/ap-perkeep-uploader

A program for importing Mastodon user data takeouts into Perkeep

Primary LanguagePythonISC LicenseISC

ActivityPub Perkeep Uploader

This tool takes JSON-LD files with ActivityStreams data, such as those found in Mastodon data takeouts, and puts them in a Perkeep (formerly known as Camlistore) server.

The goal is to represent ActivityStream objects, such as a Note inside the Perkeep store, much the same way that Twitter tweets can be imported using the importer included with Perkeep.

Notes and warnings

This tool targets Mastodon data takeouts. ActivityStreams and ActivityPub are standards, which means that the tool may also be able to process data acquired elsewhere, but some missing features may make that impossible—for example, files are not fetched from remote URLs. This tool is not a full ActivityPub client, nor is it a Perkeep importer (in that it is not part of the Perkeep daemon).

Deleting things out of Perkeep is currently rather difficult. This includes any data this tool puts in Perkeep. Please keep this in mind when using it.
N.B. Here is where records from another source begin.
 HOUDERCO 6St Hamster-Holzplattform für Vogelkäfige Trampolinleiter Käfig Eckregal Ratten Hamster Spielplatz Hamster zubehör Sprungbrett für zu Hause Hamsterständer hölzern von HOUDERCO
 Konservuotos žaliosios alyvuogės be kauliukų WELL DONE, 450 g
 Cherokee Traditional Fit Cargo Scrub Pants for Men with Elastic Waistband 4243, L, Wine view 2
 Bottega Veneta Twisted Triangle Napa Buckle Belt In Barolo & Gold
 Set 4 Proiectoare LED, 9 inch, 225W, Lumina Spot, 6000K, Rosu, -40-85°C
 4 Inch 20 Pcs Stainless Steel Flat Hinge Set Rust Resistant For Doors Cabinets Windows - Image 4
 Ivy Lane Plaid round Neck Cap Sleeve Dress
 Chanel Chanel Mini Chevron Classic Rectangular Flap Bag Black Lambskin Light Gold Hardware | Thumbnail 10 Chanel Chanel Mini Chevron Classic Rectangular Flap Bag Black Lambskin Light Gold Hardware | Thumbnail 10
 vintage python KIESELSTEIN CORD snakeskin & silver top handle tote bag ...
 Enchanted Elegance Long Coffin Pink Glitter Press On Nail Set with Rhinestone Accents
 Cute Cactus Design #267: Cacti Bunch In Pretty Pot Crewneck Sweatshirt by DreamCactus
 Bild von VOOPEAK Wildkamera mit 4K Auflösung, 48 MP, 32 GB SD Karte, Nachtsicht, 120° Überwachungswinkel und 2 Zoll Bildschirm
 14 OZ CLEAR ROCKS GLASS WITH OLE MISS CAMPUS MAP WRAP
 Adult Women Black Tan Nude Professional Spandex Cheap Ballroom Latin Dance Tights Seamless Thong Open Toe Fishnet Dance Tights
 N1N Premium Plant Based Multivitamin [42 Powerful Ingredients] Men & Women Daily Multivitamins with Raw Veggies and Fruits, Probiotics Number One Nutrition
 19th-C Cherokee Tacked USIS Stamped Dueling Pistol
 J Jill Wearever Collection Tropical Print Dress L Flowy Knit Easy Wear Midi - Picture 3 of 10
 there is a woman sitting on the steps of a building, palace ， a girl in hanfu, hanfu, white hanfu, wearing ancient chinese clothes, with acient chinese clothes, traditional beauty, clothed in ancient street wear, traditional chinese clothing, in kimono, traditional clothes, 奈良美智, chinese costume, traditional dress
As the program issues requests synchronously, and has to sign a large amount of blobs, it can take a while to process a large amount of notes. It will skip already existing permanodes, and so can be reran after interruptions.

How to

Installation

Dependencies can be downloaded with Pipenv.

$ pipenv install 

If you do not use Pipenv, you can use the supplied requirements.txt with Pip as usual (perhaps activating your own virtualenv beforehand):

$ pip install -r requirements.txt 

Usage

If your data takeout is in an archive (like Mastodon's is), you will need to extract it somewhere. Then, invoke upload_dump.py and point it at the directory and the Perkeep server. You can do it via Pipenv:

$ pipenv run upload_dump --directory path/to/extracted/archive http://localhost:3179

Without Pipenv, use python3 upload_dump.py instead.

If you do not supply an --actor, the program will try to find one. The Mastodon takeout contains only one actor node, so it should be found easily. You can also supply -v for more verbose logging to stdout.

Schema

Each Create activity with a Note object gets a permanode with the following attributes:

  • asId: the id field of the activity
  • asObjectId: the id of the object the activity created
  • asActor: the id of the Actor responsible for this activity
  • camliPath:object: blobref of the ActivityStreams JSON, with both the activity and the object. This is the JSON directly, not a Perkeep schema node.
  • camliPath:attachmentN: where N is replaced by a 0-indexed, non-padded number. These are the attachments to the Note object, in the same order as in the attachments array in the ActivityStreams JSON.
  • content: the content of the note. Summary and content fields are concatenated here.
  • startDate: set to the time stamp for the activity
  • camliType: set to ActivityStreams:Create:Note

License

The source files in this project is available under the ISC license. For full text, see LICENSE.